EXERCISE DIRECTIONS: Find the line below with "FC琉球、FC琉球さくらが気候変動対策で環境省と包括連携協定締結" and the line with "隨手公益，為愛(ài)點(d". Output them and the lines between, exactly, but not the pictures.

-------- RECORDS FOR THE EXERCISE --------

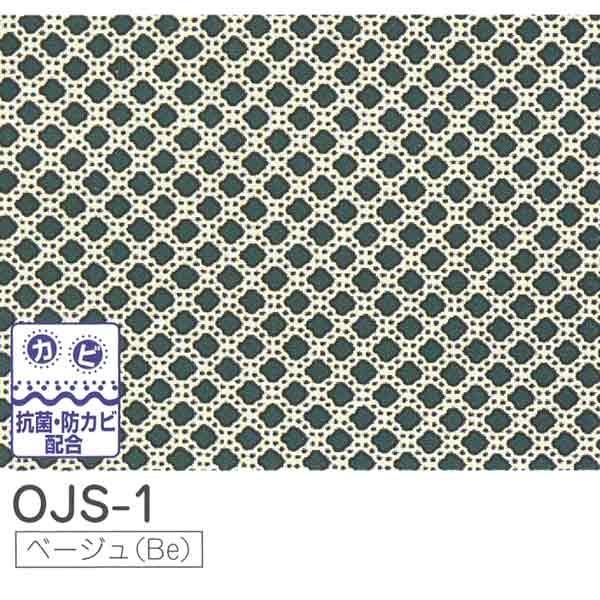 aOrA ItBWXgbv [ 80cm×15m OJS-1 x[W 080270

--------
-------- RECORDS FOR THE EXERCISE --------

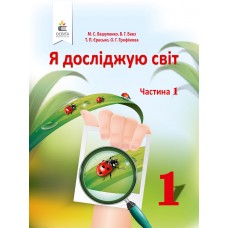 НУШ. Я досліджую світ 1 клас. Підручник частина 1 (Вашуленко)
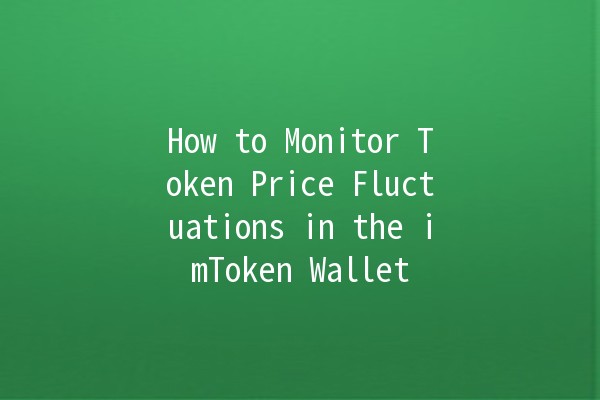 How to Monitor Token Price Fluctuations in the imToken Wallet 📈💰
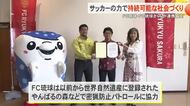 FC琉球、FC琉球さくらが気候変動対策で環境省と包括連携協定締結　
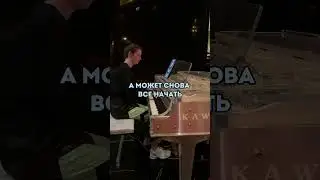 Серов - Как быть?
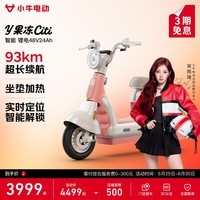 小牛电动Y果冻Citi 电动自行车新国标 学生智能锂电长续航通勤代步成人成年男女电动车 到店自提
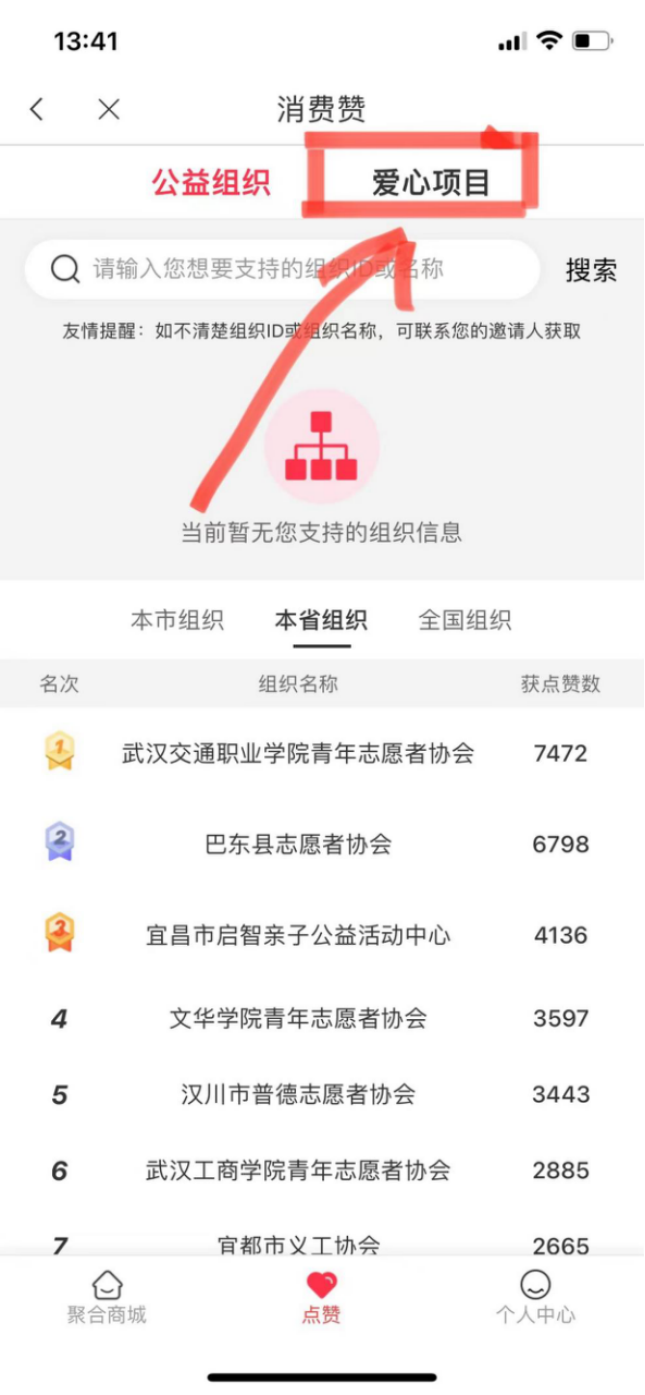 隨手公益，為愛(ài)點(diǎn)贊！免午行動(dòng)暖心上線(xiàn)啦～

--------

YOUR RESPONSE:
 FC琉球、FC琉球さくらが気候変動対策で環境省と包括連携協定締結　
 Серов - Как быть?
 小牛电动Y果冻Citi 电动自行车新国标 学生智能锂电长续航通勤代步成人成年男女电动车 到店自提
 隨手公益，為愛(ài)點(diǎn)贊！免午行動(dòng)暖心上線(xiàn)啦～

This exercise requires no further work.